What specific costs are included as incremental costs of obtaining a franchise agreement with a Beauty Bungalows franchisee?
Beauty_Bungalows Franchise · 2025 FDDAnswer from 2025 FDD Document
Incremental costs of obtaining a franchise agreement with a franchisee related to unsatisfied performance obligations will be recorded as a franchise acquisition asset and are recognized as cost of sales over the same term as the related performance obligation which is currently 10 years.
Source: Item 21 — FINANCIAL STATEMENTS (FDD page 47)
What This Means (2025 FDD)
According to Beauty Bungalows' 2025 Franchise Disclosure Document, incremental costs of obtaining a franchise agreement with a franchisee related to unsatisfied performance obligations will be recorded as a franchise acquisition asset. These costs are then recognized as cost of sales over the same term as the related performance obligation, which is currently 10 years.
This means that when Beauty Bungalows incurs costs directly related to securing a new franchisee, such as sales commissions or marketing expenses specifically for franchise recruitment, these costs are not immediately expensed. Instead, they are treated as an asset on the company's balance sheet.

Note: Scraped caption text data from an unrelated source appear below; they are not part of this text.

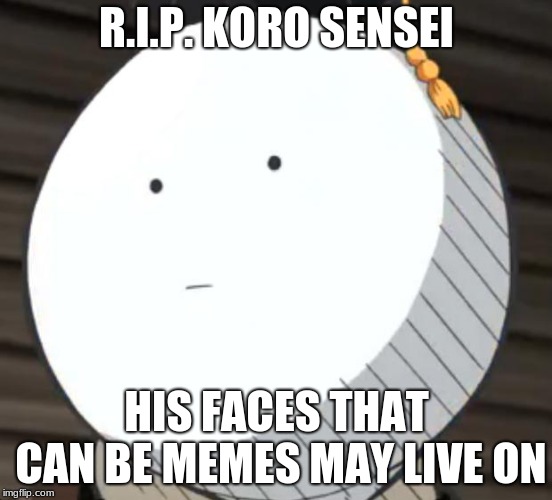 Koro sensei  |  R.I.P. KORO SENSEI; HIS FACES THAT CAN BE MEMES MAY LIVE ON | image tagged in koro sensei | made w/ Imgflip meme maker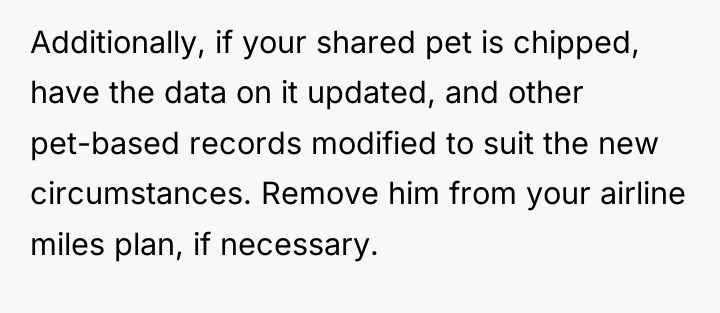 Additionally, if your shared pet is chipped, have the data...
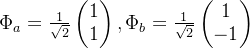 \Phi_a=\frac{1}{\sqrt{2}}\begin{pmatrix} 1\\ 1 \end{pmatrix},\Phi_b=\frac{1}{\sqrt{2}}\begin{pmatrix} 1\\ -1 \end{pmatrix}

Over the 10-year period, Beauty Bungalows will gradually recognize these initial franchise acquisition costs as an expense, matching them to the revenue generated by that franchisee over the term of their agreement. This accounting approach aims to provide a more accurate picture of the profitability of franchise operations by aligning the costs of acquiring a franchisee with the revenue they generate over time. This is a common practice in the franchise industry.